These two statements somehow contradict to each other. WIthout modifying the SXT configuration, you cannot move the PPPoE termination point from the SXT to this Mikrotik.

However, let’s talk about the firewall rules.

1. add action=accept chain=input comment="Eliminar solicitudes de DNS de public" \
    connection-state=new dst-port=53 in-interface=LAN-2 protocol=tcp
2. add action=accept chain=input comment="Eliminar solicitudes de DNS de public" \
    connection-state=new dst-port=53 in-interface=LAN-2 protocol=udp
3. add action=accept chain=input comment="No permitir paquetes extra\F1os" \
    connection-state=invalid
4. add action=accept chain=input comment=\
    "Permitir el acceso LAN al enrutador y a Internet" connection-state=new \
    in-interface=bridge-LAN
5. add action=accept chain=input comment=\
    "Permitir el acceso LAN al enrutador y a Internet" connection-state=new \
    in-interface=LAN-3
6. add action=accept chain=input comment=\
    "Permitir conexiones que se originaron desde LAN" connection-state=\
    established
7. add action=accept chain=input comment=\
    "Permitir ping ICMP desde cualquier lugar" protocol=icmp
8. add action=accept chain=input comment=\
    "No permitir nada desde cualquier lugar en cualquier interfaz"
9. add action=accept chain=forward comment="No permitir paquetes extra\F1os" \
    connection-state=invalid

While the comment to rules 1 and 2 says “Eliminar solicitudes de DNS de public”, their action is “accept”, which means they do not eliminate the DNS requests coming in via LAN-2. To make them do what the comment says, you have to change action to “drop”.
Same case are rules 3 and 9 - the comment says “No permitir paquetes extraños” but the action is “accept”. So a change of action to “drop” is also needed.
Comment to rule 5 says “Permitir el acceso LAN al enrutador y a Internet”, but as the rule is in chain “input”, it only permits access to the router itself, not to internet.
Comment to rule 6 says “Permitir conexiones que se originaron desde LAN” but actually it permits any previously established connection to/from the router itself, regardless from where it has been originated.
Comment to rule 8 says “No permitir nada desde cualquier lugar en cualquier interfaz” but it actually permits everything, so you would need to replace “accept” with “drop” as action, but don’t do it now as you would cut access to the Mikrotik.

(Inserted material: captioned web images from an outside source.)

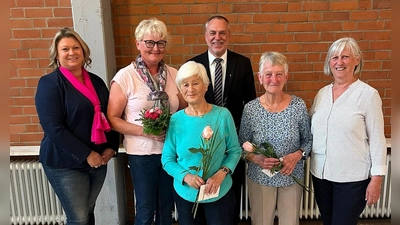 von links Kerstin Aufschneider, Marille Weigl, Inge Binner, Pfarrer Josef Irlbacher, Christa Farnbauer und Angelika Kirner (Bild: Angelika Kirner)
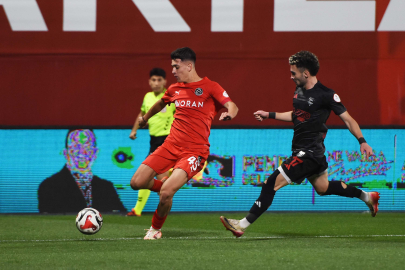 Manisa FK son dakikalarda kaybetti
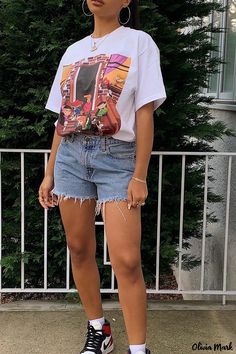 White Tshirt Outfit, Tomboy Chic, Straight Clothes, Bermuda Jeans, 90s Outfit, Black Streetwear, Cute Summer Outfits, White Fashion, Fashion Street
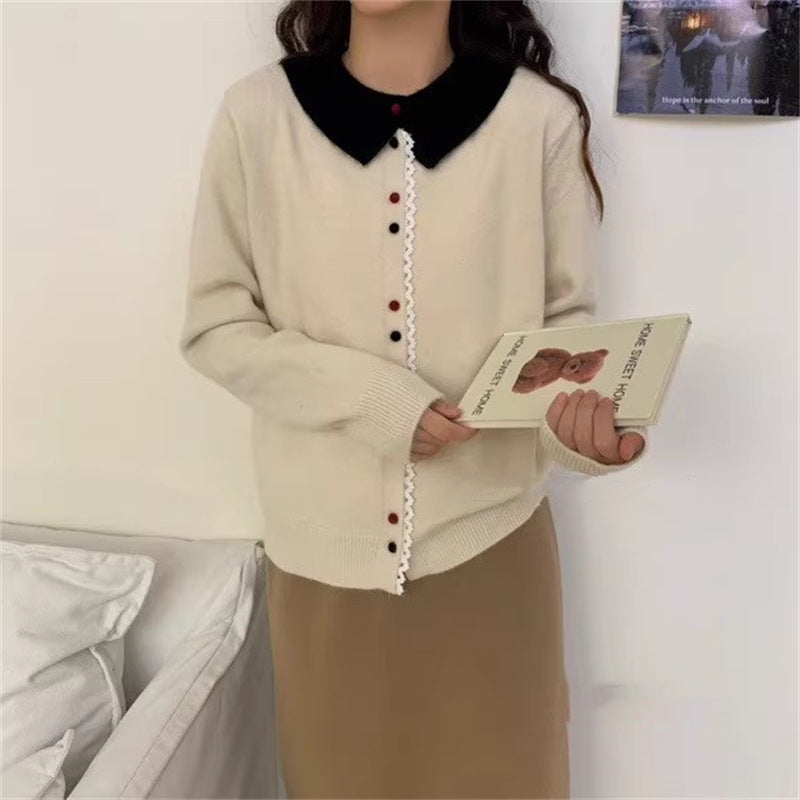 Damer Elegant Stickad Kappa med Ståkrage och Knapppdetail Mirla-Eva Jonsson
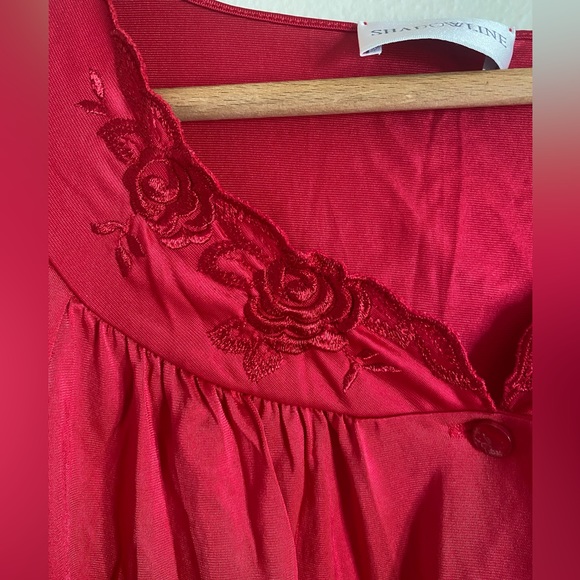 Vintage ShadowLine Red Button Up Robe - Picture 2 of 8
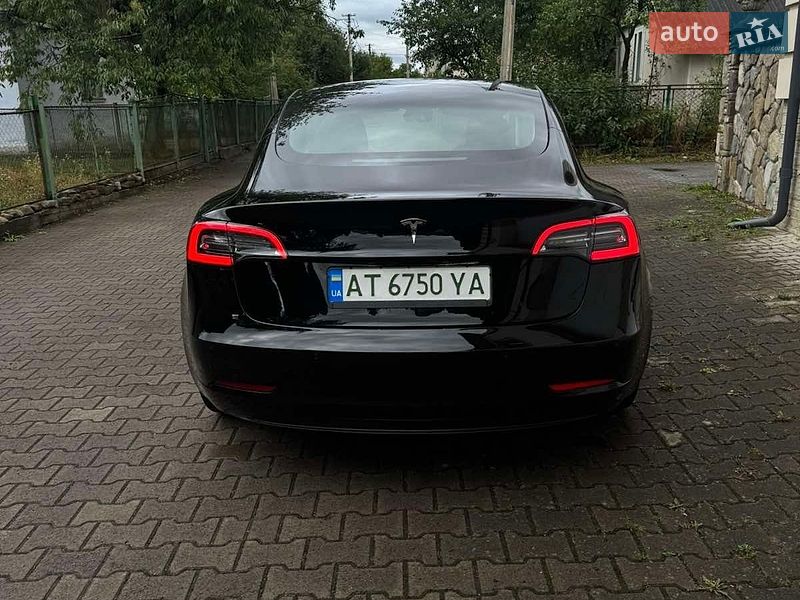 Седан Tesla Model 3 2022 в Надворной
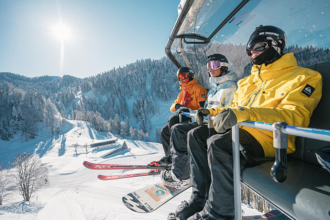 Буковель після свят: як знизилися ціни на відпочинок та ski-паси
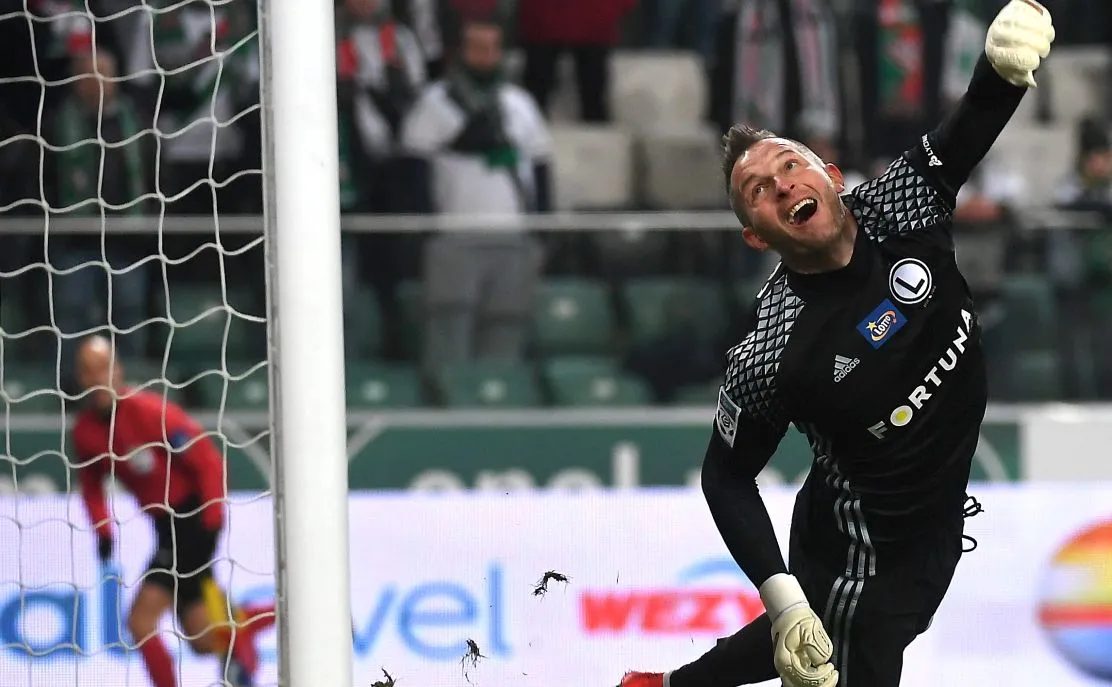 Bramkarz Legii: Do Amsterdamu lecimy po awans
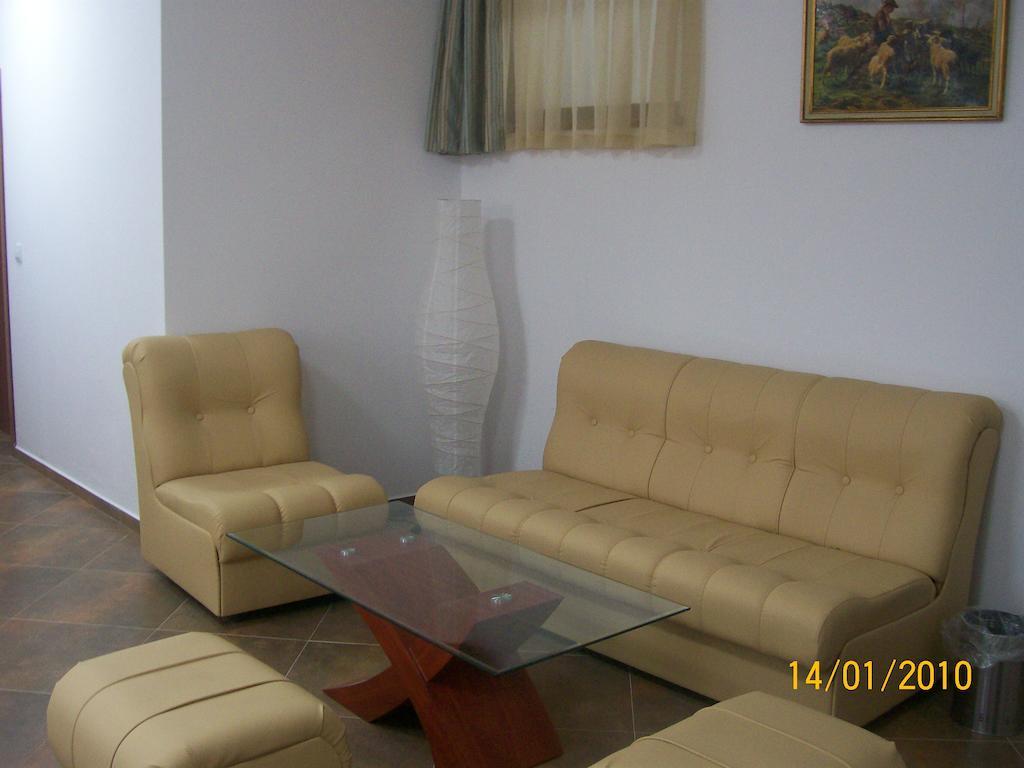 Hera Guest House 치플리크 외부 사진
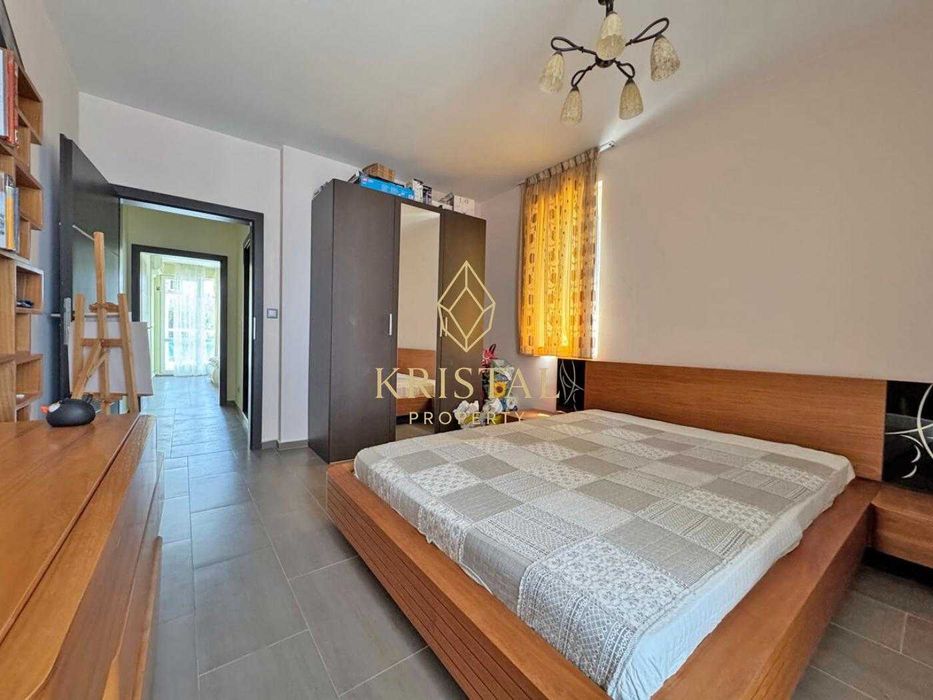 Продава се Тристаен апартамент в Несебър - 114 кв.м за 1036 €/кв.м - Снимка #8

Now how the firewall filter actually works:

• each incoming packet with destination address matching any of the addresses which are up on the Mikrotik itself is tested against rules in the chain named “input”
• each incoming packet with destination address matching none of Mikrotik’s own addresses is tested against rules in the chain named “forward”

.

In each chain, the rules are tested against the packet one-by-one starting from the topmost one until one of the rules which do match the packet provides a final verdict (typically accept or drop, some other actions are final verdicts too, but e.g. “log” is not a final verdict so a packet matching such rule continues to be processed by the chain). If none of the rules in the chain provides a final verdict, the packet is accepted.

The above is true unless a rule with “action=fasttrack-connection” matches a packet; if it does, further packets belonging to the same connection are not processed by the filter, assuming that packets which have established that connection were been permitted by the filter.

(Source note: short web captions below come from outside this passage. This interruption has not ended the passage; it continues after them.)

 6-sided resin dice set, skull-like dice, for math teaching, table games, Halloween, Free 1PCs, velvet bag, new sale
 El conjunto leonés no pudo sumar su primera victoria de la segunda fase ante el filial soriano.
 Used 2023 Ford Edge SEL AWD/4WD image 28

So the current configuration of your firewall filter actually provides no security at all, because it explicitly or implicitly accepts (or forwards) whatever it receives.

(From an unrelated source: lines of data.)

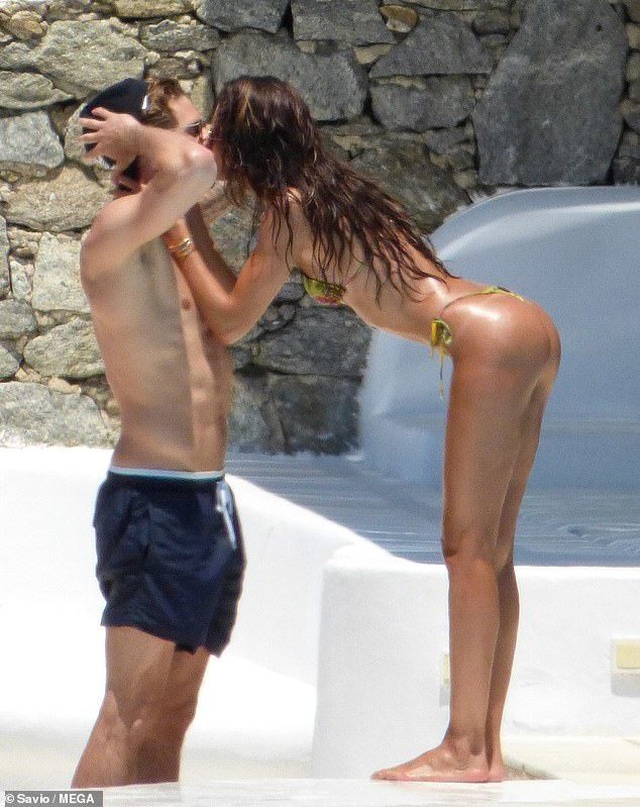 Izabel Goulart đẹp bốc lửa bên bạn trai kém 6 tuổi - Ảnh 1.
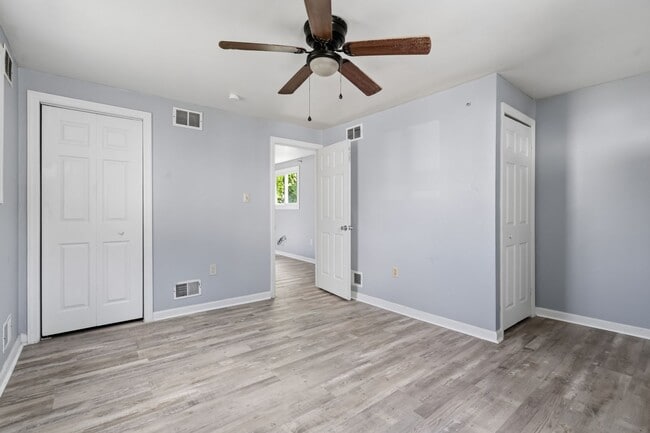 Building Photo - Modern 2 bedroom home in Carnegie available now!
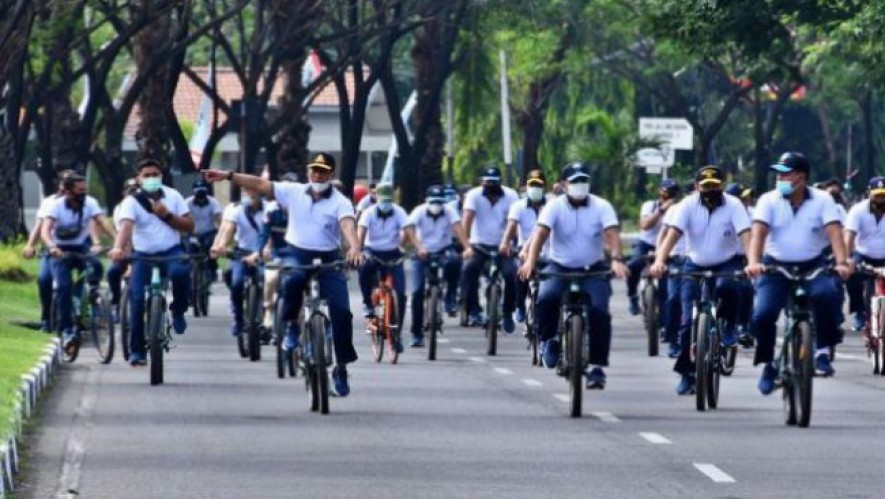 KASAL-Gubernur AAL Gowes Sepeda Bersama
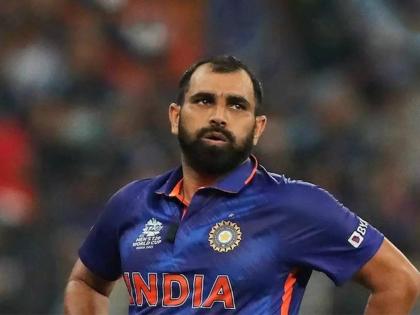 T20 World Cup 2022: The BCCI is uncertain about Mohammad Shami's fitness. They'll wait for his progress, if Shami fails to attain the fitness, one of Siraj or Deepak Chahar will be part of the main squad | T20 World Cup 2022: Mohammad Shami पण वर्ल्ड कपला मुकणार? टीम इंडिया १५व्या खेळाडूशिवाय ऑस्ट्रेलियाला जाणार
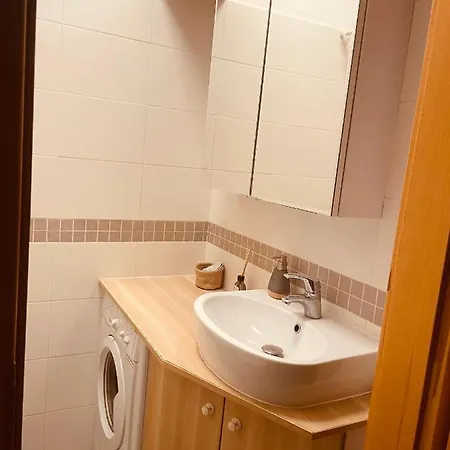 Luxury 4-bedroom In Centre - Self-check In & Fast Wifi Lägenhet Warszawa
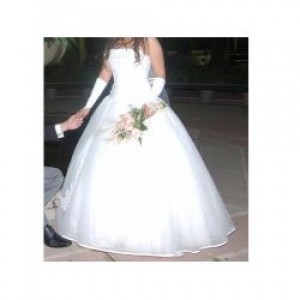 Ivette Anuncios gratis para novios en Santiago |  Lindo Vestido de novia usado, Santiago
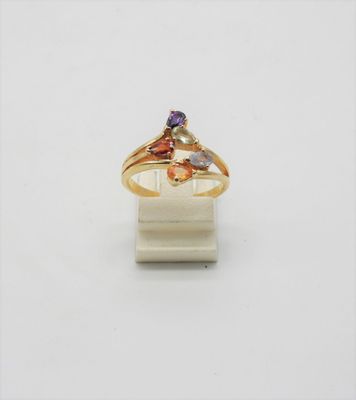 une bague en or jaune sertie d'un amethorate et d'un amethorate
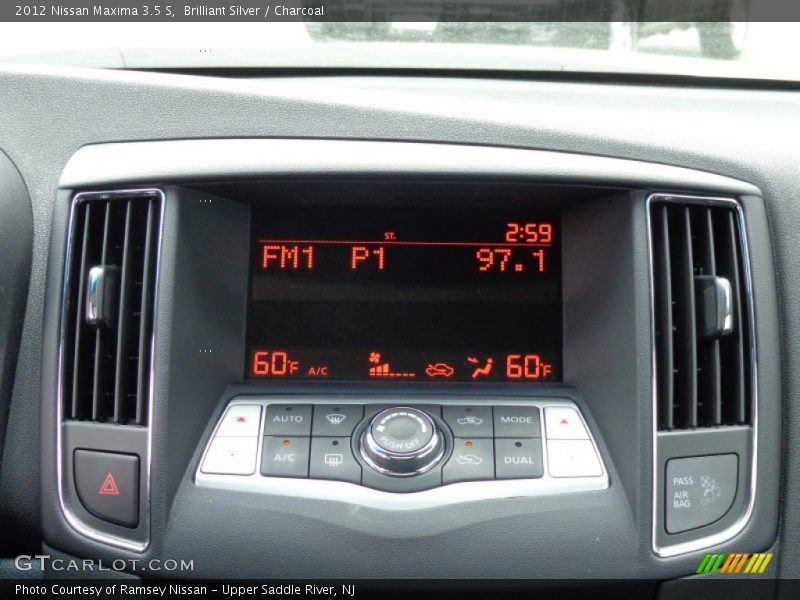 Controls of 2012 Maxima 3.5 S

I would recommend you to look at the firewall settings in the output of “system default-configuration print”, understand fully what each of them does, and then create your own rules based on that.

Interface lists are a handy tool - you can e.g. define a list named “WAN” and a list named “LAN” and refer to them in all rules which should match traffic coming from several different interfaces. Instead of in-interface, you use in-interface-list in the rule; such rule then matches if the packet comes in through any of the interfaces on the list.

An example would be that in order to ignore DNS queries coming in via WAN interfaces, you actually configure a rule to accept DNS requests coming in via any of the LAN interfaces in the “input” chain. The final “drop the rest” rule in the “input” chain, if present, will then take care of dropping DNS requests coming in via any other interface. So the first “accept” rule is an exception from the last “drop all” one.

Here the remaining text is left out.